#### Or, Why Stochastic Gradient Descent Is Used to Train Neural Networks.

Fitting a neural network involves using a training dataset to update the model weights to create a good mapping of inputs to outputs.

This training process is solved using an optimization algorithm that searches through a space of possible values for the neural network model weights for a set of weights that results in good performance on the training dataset.

In this post, you will discover the challenge of training a neural network framed as an optimization problem.

After reading this post, you will know:

- Training a neural network involves using an optimization algorithm to find a set of weights to best map inputs to outputs.
- The problem is hard, not least because the error surface is non-convex and contains local minima, flat spots, and is highly multidimensional.
- The stochastic gradient descent algorithm is the best general algorithm to address this challenging problem.

Let’s get started.

## Overview

This tutorial is divided into four parts; they are:

- Learning as Optimization
- Challenging Optimization
- Features of the Error Surface
- Implications for Training

## Learning as Optimization

Deep learning neural network models learn to map inputs to outputs given a training dataset of examples.

The training process involves finding a set of weights in the network that proves to be good, or good enough, at solving the specific problem.

This training process is iterative, meaning that it progresses step by step with small updates to the model weights each iteration and, in turn, a change in the performance of the model each iteration.

The iterative training process of neural networks solves an optimization problem that finds for parameters (model weights) that result in a minimum error or loss when evaluating the examples in the training dataset.

Optimization is a directed search procedure and the optimization problem that we wish to solve when training a neural network model is very challenging.

This raises the question as to what exactly is so challenging about this optimization problem?

### Want Better Results with Deep Learning?

Take my free 7-day email crash course now (with sample code).

Click to sign-up and also get a free PDF Ebook version of the course.

## Challenging Optimization

Training deep learning neural networks is very challenging.

The best general algorithm known for solving this problem is stochastic gradient descent, where model weights are updated each iteration using the backpropagation of error algorithm.

Optimization in general is an extremely difficult task. […] When training neural networks, we must confront the general non-convex case.

— Page 282, Deep Learning, 2016.

An optimization process can be understood conceptually as a search through a landscape for a candidate solution that is sufficiently satisfactory.

A point on the landscape is a specific set of weights for the model, and the elevation of that point is an evaluation of the set of weights, where valleys represent good models with small values of loss.

This is a common conceptualization of optimization problems and the landscape is referred to as an “*error surface*.”

In general, E(w) [the error function of the weights] is a multidimensional function and impossible to visualize.
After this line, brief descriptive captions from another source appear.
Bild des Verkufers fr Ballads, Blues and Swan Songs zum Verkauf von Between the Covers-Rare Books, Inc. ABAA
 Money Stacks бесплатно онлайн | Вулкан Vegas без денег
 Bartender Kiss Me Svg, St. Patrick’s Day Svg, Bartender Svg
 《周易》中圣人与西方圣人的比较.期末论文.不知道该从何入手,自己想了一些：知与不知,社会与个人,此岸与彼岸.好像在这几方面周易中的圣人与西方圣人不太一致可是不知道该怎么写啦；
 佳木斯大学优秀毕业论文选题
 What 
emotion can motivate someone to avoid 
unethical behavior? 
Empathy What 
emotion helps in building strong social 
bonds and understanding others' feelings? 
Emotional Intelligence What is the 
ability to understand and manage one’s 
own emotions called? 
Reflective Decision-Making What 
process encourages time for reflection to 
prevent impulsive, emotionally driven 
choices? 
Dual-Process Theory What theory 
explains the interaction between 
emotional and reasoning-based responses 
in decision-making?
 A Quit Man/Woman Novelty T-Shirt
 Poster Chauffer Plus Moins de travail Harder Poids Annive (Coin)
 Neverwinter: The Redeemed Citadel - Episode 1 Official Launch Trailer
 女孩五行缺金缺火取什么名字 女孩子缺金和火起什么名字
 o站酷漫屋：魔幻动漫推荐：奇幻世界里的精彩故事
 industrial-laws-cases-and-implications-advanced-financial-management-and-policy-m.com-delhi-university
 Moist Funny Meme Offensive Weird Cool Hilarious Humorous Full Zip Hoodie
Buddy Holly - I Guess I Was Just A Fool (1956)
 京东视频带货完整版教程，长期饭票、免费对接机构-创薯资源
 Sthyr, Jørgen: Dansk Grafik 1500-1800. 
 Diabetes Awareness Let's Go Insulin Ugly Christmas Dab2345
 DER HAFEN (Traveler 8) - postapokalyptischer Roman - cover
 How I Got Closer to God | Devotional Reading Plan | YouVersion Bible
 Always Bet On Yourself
If it could be plotted as a function of w [the weights], however, E [the error function] might look like a landscape with hills and valleys …

— Page 113, Neural Smithing: Supervised Learning in Feedforward Artificial Neural Networks, 1999.

The optimization algorithm iteratively steps across this landscape, updating the weights and seeking out good or low elevation areas.

For simple optimization problems, the shape of the landscape is a big bowl and finding the bottom is easy, so easy that very efficient algorithms can be designed to find the best solution.

These types of optimization problems are referred to mathematically as convex.

The error surface we wish to navigate when optimizing the weights of a neural network is not a bowl shape. It is a landscape with many hills and valleys.

These type of optimization problems are referred to mathematically as non-convex.

In fact, there does not exist an algorithm to solve the problem of finding an optimal set of weights for a neural network in polynomial time. Mathematically, the optimization problem solved by training a neural network is referred to as NP-complete (e.g. they are very hard to solve).

We prove this problem NP-complete and thus demonstrate that learning in neural networks has no efficient general solution.

— Neural Network Design and the Complexity of Learning, 1988.

## Key Features of the Error Surface

There are many types of non-convex optimization problems, but the specific type of problem we are solving when training a neural network is particularly challenging.

We can characterize the difficulty in terms of the features of the landscape or error surface that the optimization algorithm may encounter and must navigate in order to be able to deliver a good solution.

There are many aspects of the optimization of neural network weights that make the problem challenging, but three often-mentioned features of the error landscape are the presence of local minima, flat regions, and the high-dimensionality of the search space.

Backpropagation can be very slow particularly for multilayered networks where the cost surface is typically non-quadratic, non-convex, and high dimensional with many local minima and/or flat regions.

— Page 13, Neural Networks: Tricks of the Trade, 2012.

### 1. Local Minima

Local minimal or local optima refer to the fact that the error landscape contains multiple regions where the loss is relatively low.

These are valleys, where solutions in those valleys look good relative to the slopes and peaks around them. The problem is, in the broader view of the entire landscape, the valley has a relatively high elevation and better solutions may exist.

It is hard to know whether the optimization algorithm is in a valley or not, therefore, it is good practice to start the optimization process with a lot of noise, allowing the landscape to be sampled widely before selecting a valley to fall into.

By contrast, the lowest point in the landscape is referred to as the “*global minima*“.

Neural networks may have one or more global minima, and the challenge is that the difference between the local and global minima may not make a lot of difference.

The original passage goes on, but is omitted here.